2. A widowed sister may attempt to claim a portion of the legacy!
b. Tamar needed a longer-term plan.

iv. Tamar will not leave Judah’s “well-enough” alone.
1. We may struggle with her demand for a husband; for her, it was a matter of life and death; no husband, no children, no income, no life.

Tamar single-mindedly pursues justice at any cost.
2. She knows Judah well enough to predict his behaviour and sets a trap for him: GOAL IS TO OBTAIN A CHILD.
a. Hearing that Judah is coming to her region as a recent widower, she dresses as a prostitute and sits in the gate of Enaim, a village on the road to Timnah, his destination.
b. “Twin Wells” an allusion to another betrothal type-scene?!?!?
c. Recently bereft, she knew that Judah would be motivated.
d. She had no doubts that Judah would consort with prostitutes.
e. “She saw that Shelah” had grown up; if the young man were with Judah, then this DOUBLES DOWN on his blatant double standard regarding sexual activity.
v. Judah sees the “prostitute” and stops to interact.
1. Assumes she is a prostitute by her dress: she had covered her face.
2. Begins to bargain: “go to you.” V.16.
3. Tamar replies in kind: what is your payment?
4. Judah offers a YOUNG GOAT FROM THE FLOCK.
5. Tamar wants a guarantee of payment.
6. Judah asks what she wants in pledge.
7. Tamar asks for his SEAL, CORD, AND STAFF.
a. Alter: equivalent to driver’s license & credit cards.
vi. The pledge exchanged, the two have intercourse.
1. She conceives.
2. She leaves.
3. She changes into her widow’s garb.
vii. Judah keeps his pledge, sending a goat by his companion.
1. The Adullamite asked for the temple prostitute and hears that no such woman has been seen here.
2. He reports back to Judah.
3. Judah drops the issue to avoid embarrassment.
4. After all, I kept my JUSTLY KEPT MY WORD.
viii. Judah is told that his daughter-in-law has conceived a child as a harlot; three months later.
1. Bring her out.
2. Burn her!
3. Alter—this speed is highlighted …by the unusual use of a passive present participle…literally, “she is-being-taken-out.”
ix. Tamar, on her way to execution, sends the SEAL, CORD, AND STAFF to Judah, saying that her consort owned these and asking, “RECOGNIZE THIS?”
x. Judah did indeed RECOGNIZE THIS.
1. His response changes the course of his life.
a. I did not give her my son Shelah, as I must have.
b. She is more righteous than I.
c. Gen. 42:21 Then they said to one another, “Truly we are guilty concerning our brother, because we saw the distress of his soul when he pleaded with us, yet we would not listen; therefore this distress has come upon us.”
d. Gen. 44:33 “Now, therefore, please let your servant remain instead of the lad a slave to my lord, and let the lad go up with his brothers.

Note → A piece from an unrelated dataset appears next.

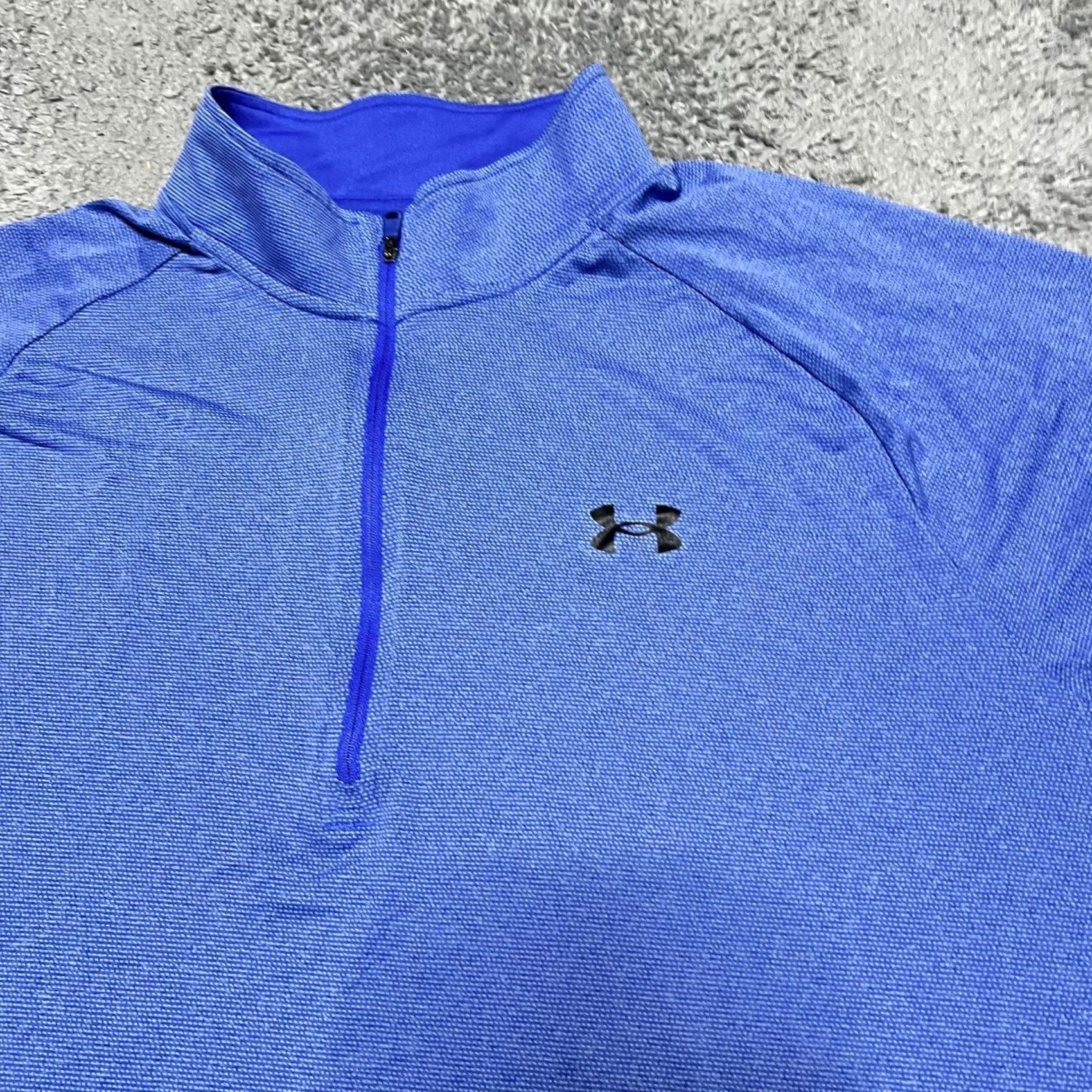 Under Armour Under Armour UA Shirt Mens XXL Tech Quarter Zip Pullover Golf Heatgear Blue 2XL Regular Mens Size US XXL / EU 58 / 5 - 2 Thumbnail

II. The Meaning of the Story God’s grace in our lives is unrelenting.

a. BREAK DOWN: Judah lived a life of self-indulgence, using those around, and denying responsibility for his family.
i. Judah blamed Tamar for the deaths of his first two sons; the truth is that both were evil men, denied long lives by divine judgment. Who would be more culpable for their character: Tamar or Judah?!?
ii. Judah had failed as a son of the covenant: left the land and married a Canannite, even behaved like the Canaanites; failed as a father (wicked sons); failed as a father-in-law (deceived Tamar about Shelah).
iii. GRACE intervenes
iv. When Judah saw the seal, the cord, and the staff…
1. He could have said
a. ‘so what? I’m the man.’
b. ‘The barrenness and wickedness of my sons has nothing to do with me!’
2. Instead, Judah said: SHE IS MORE RIGHTEOUS THAN I.
3. This marks a transition in his life.
a. Rather than blaming this on Tamar, he recognizes that Tamar was pursuing JUSTICE and admits his selfish, oppressive behaviour.
b. Later, at the Climax of this story, not knowing he was standing before Joseph, the brother he had sold into slavery, he pleads to take the place of his younger brother Benjamin, rather than allow the Egyptians to keep Benjamin hostage, to the collapse of his father. Judah would never have made that bargain before being caught by Tamar.
v. Judah’s change of heart Jesus described as…
1. Taking a drink of living water in John 4 at the well in Samaria.
2. Being reborn in John 3, in conversation with Nicodemus.
3. Living or abiding IN Him, in John 15.
vi. The transition into this new life occurs when Judah realizes that he is not better than Tamar.
That sort of brokenness is the doorway into a new relationship with God.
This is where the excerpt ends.